Also, HEAVY SPOILERS for the story I’ve been writing, Earthlings: People of the Dawn. This chapter is literally the last chapter of part 5, after which the remaining parts are basically extended epilogues. You have been warned. Also, I edited the chapter in response to the comments to make things more clear.

-------

Unsolvable

There were guards standing outside the entrance to the Rationality Institute. They saluted Bertie as he approached. Bertie nodded to them as he walked past. He reached the front doors and turned the handle, then pulled the door open.

He stepped inside. There was no one at the front desk. All the lights were on, but he didn’t hear anyone in the rooms he passed as he walked down the hallway, approaching the door at the end.

He finally stood before it. It was the door to Thato’s office.

Bertie knocked.

“Come in,” he heard Thato say from the other side.

Bertie turned the knob with a sweaty hand and pushed inwards. He stepped inside, hoping that whatever Thato wanted to talk to him about, that it wasn’t an imminent existential threat.

“Hello Bertie,” said Thato, somberly. He looked sweaty and tired, with bags under his puffy red eyes. Had he been crying?

“Hi Thato,” said Bertie, gently shutting the door behind him. He pulled up a chair across from Thato’s desk. “What did you want to talk to me about?”

“We finished analyzing the research notes on the chip you gave us two years ago,” said Thato, dully.

“And?” asked Bertie. “What did you find?”

“It was complicated, it took us a long time to understand it,” said Thato. “But there was a proof in there that the value alignment problem is unsolvable.”

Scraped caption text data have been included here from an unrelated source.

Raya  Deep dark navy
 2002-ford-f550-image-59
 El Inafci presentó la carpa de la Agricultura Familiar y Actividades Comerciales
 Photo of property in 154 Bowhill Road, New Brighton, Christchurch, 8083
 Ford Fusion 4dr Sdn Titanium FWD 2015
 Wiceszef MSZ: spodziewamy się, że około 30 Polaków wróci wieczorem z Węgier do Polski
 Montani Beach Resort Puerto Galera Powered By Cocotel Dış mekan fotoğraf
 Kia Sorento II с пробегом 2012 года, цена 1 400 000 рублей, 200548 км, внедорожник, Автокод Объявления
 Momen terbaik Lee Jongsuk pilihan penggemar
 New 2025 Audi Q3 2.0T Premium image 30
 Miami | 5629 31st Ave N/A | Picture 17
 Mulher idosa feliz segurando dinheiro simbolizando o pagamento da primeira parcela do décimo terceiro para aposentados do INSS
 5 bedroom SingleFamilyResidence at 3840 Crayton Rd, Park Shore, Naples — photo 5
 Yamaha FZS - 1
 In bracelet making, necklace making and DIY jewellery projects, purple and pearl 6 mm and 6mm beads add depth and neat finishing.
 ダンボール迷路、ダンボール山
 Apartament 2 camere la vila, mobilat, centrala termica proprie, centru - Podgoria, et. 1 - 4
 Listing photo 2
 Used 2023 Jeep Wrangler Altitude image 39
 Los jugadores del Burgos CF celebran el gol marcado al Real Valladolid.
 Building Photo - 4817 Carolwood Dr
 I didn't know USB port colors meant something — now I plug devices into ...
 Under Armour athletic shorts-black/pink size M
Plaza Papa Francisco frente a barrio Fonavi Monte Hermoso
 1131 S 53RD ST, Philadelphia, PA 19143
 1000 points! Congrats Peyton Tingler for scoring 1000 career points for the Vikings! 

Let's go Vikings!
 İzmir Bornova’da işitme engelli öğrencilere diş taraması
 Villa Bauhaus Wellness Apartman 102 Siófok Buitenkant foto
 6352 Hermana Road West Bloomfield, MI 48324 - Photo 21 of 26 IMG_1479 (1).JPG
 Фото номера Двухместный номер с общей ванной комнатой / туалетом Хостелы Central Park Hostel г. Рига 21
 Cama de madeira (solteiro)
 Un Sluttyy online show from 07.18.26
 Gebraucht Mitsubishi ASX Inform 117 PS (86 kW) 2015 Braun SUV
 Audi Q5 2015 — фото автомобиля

There was a pause, as Bertie’s brain tried not to process what it had just heard. Then…

“WHAT!?” Berite shouted.

“We should have realized it earlier,” said Thato. Then in an accusatory tone, “In fact, I think you should have realized it earlier.”

“What!?” demanded Bertie. “How? Explain!”

“The research notes contained a reference to a children’s story you wrote: A Tale of Four Moralities,Thato continued, his voice rising.It explained what you clearly already knew when you wrote it, that there are actually FOUR types of morality, each of which has a different game-theoretic function in human society: Eye for an Eye, the Golden Rule, Maximize Flourishing and Minimize Suffering.”

“Yes,” said Bertie. “And how does one go from that to ‘the Value Alignment problem is unsolvable’?”

“Do you not see it!?” Thato demanded.

Bertie shook his head.

Thato stared at Bertie, dumbfounded. Then he spoke slowly, as if to an idiot.

“Game theory describes how agents with competing goals or values interact with each other. If morality is game-theoretic by nature, that means it is inherently designed for conflict resolution and either maintaining or achieving the universal conditions which help facilitate conflict resolution for all agents. In other words, the whole purpose of morality is to make it so that agents with competing goals or values can coexist peacefully! It is somewhat more complicated than that, but that is the gist.”

“I see,” said Bertie, his brows furrowed in thought. “Which means that human values, or at least the individual non-morality-based values don’t converge, which means that you can’t design an artificial superintelligence that contains a term for all human values, just the moral values.”

Then Bertie had a sinking, horrified feeling accompanied by a frightening intuition. He didn’t want to believe it.

“Not quite,” said Thato cuttingly. “Have you still not realized? Do you need me to spell it out?”

“Hold on a moment,” said Bertie, trying to calm his racing anxiety.

What is true is already so, Bertie thought.

Owning up to it doesn’t make it worse.

Not being open about it doesn’t make it go away.

And because it’s true, it is what is there to be interacted with.

People can stand what is true, for they are already enduring it.

Bertie took a deep breath as he continued to recite in his mind…

If something is true, then I want to believe it is true.

If something is not true, then I want not to believe it is true.

Let me not become attached to beliefs I may not want.

Bertie exhaled, still overwhelmingly anxious. But he knew that putting off the revelations any longer would make it even harder to have them. He knew the thought he could not think would control him more than the thought he could. And so he turned his mind in the direction it was afraid to look.

And the epiphanies came pouring out. It was a stream of consciousness, no—a waterfall of consciousness that wouldn’t stop. Bertie went from one logical step to the next, a nearly perfect dance of rigorously trained self-honesty and common sense—imperfect only in that he had waited so long to start it, to notice.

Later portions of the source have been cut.